How crypto futures work
Perpetual futures are the workhorses of crypto derivatives. Bybit, Binance, OKX, dYdX, and Hyperliquid collectively see $100B+ of daily perp volume. Key mechanics:
- No expiry — positions stay open indefinitely.
- Funding rate — a payment exchanged between longs and shorts every 8 hours (or hourly on some venues). The rate floats with market sentiment: positive funding (bull market) means longs pay shorts; negative funding means shorts pay longs.
- Margin — a small fraction of notional value (e.g. 1-10%) is held as collateral.
- Cash-settled — P&L is credited in stablecoins; no physical delivery of BTC ever happens.
Dated futures — quarterly and monthly contracts expiring on a fixed date. Used for institutional hedging, basis trades (capturing the spread between futures and spot), and funding-rate-adjacent strategies. CME Bitcoin futures are the main regulated US venue.
What crypto futures are used for
- Speculation — leveraged directional bets without owning spot.
- Hedging — short perps against spot holdings to neutralize directional exposure.

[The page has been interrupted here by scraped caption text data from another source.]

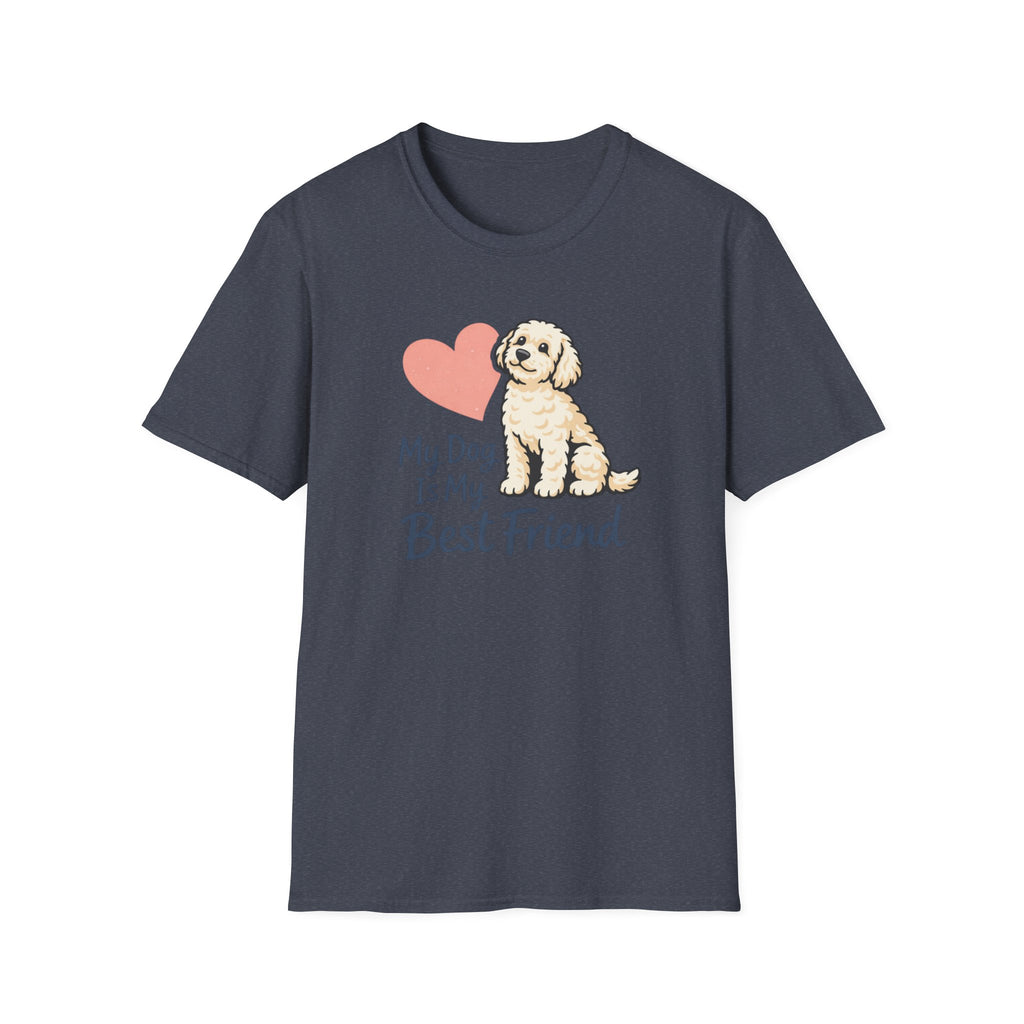 My Dog is my best Friend T-Shirt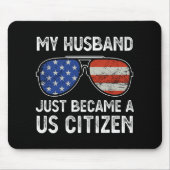 My Husband Just Became Us Citizen Immigrant Citize Mousepad (Vorne)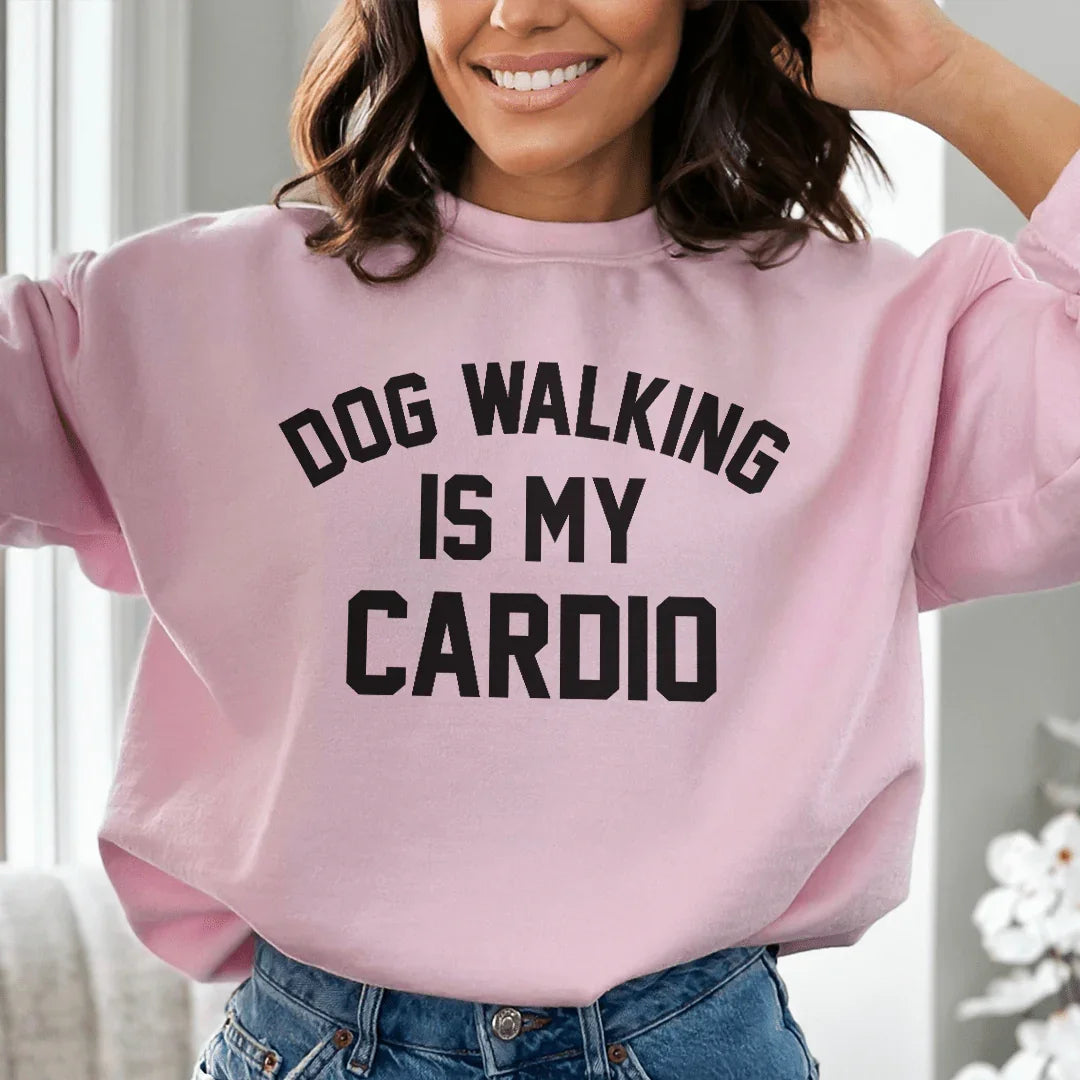 Dog Walking Is My Cardio Sweatshirt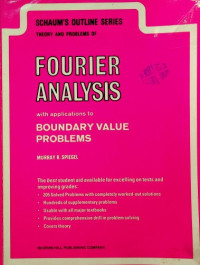 THEORY AND PROBLEMS OF FOURIER ANALYSIS with applications to BOUNDARY VALUE PROBLEMS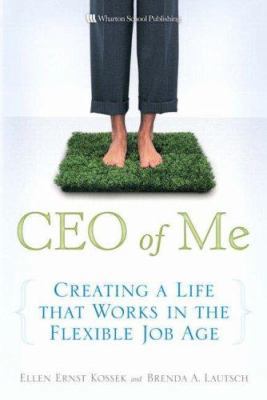 CEO of Me: Creating a Life That Works in the Fl... 013234999X Book Cover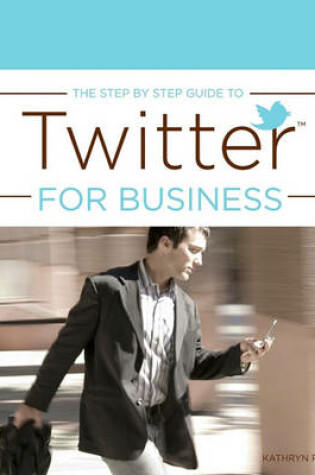 Cover of The Step by Step Guide to Twitter for Business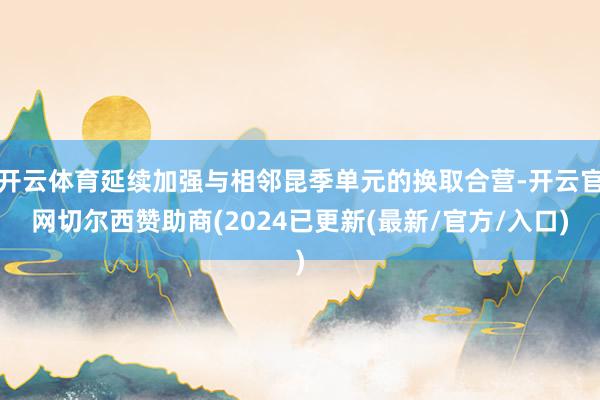 开云体育延续加强与相邻昆季单元的换取合营-开云官网切尔西赞助商(2024已更新(最新/官方/入口)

- Basis trading — buy spot, short a quarterly future trading above spot, capture the premium at expiry.
- Funding arbitrage — when perp funding is extreme, traders can hold spot + short perps (or vice versa) to collect funding payments.
Risks and considerations
Futures in crypto are almost always leveraged and therefore carry liquidation risk — the #1 source of retail loss on these products. Funding rates can bleed positions during extended trends (a year of 0.03%-per-8h positive funding costs roughly 32% annualized for longs). Exchange risk matters too: FTX, Mt. Gox, and various smaller venues have collapsed with customer funds; regulated venues (CME, LedgerX) cost more in fees but eliminate counterparty risk. On-chain perp DEXs shift risk from counterparty to smart-contract and oracle — different, not necessarily smaller. Understand the specific failure modes of your venue before deploying size.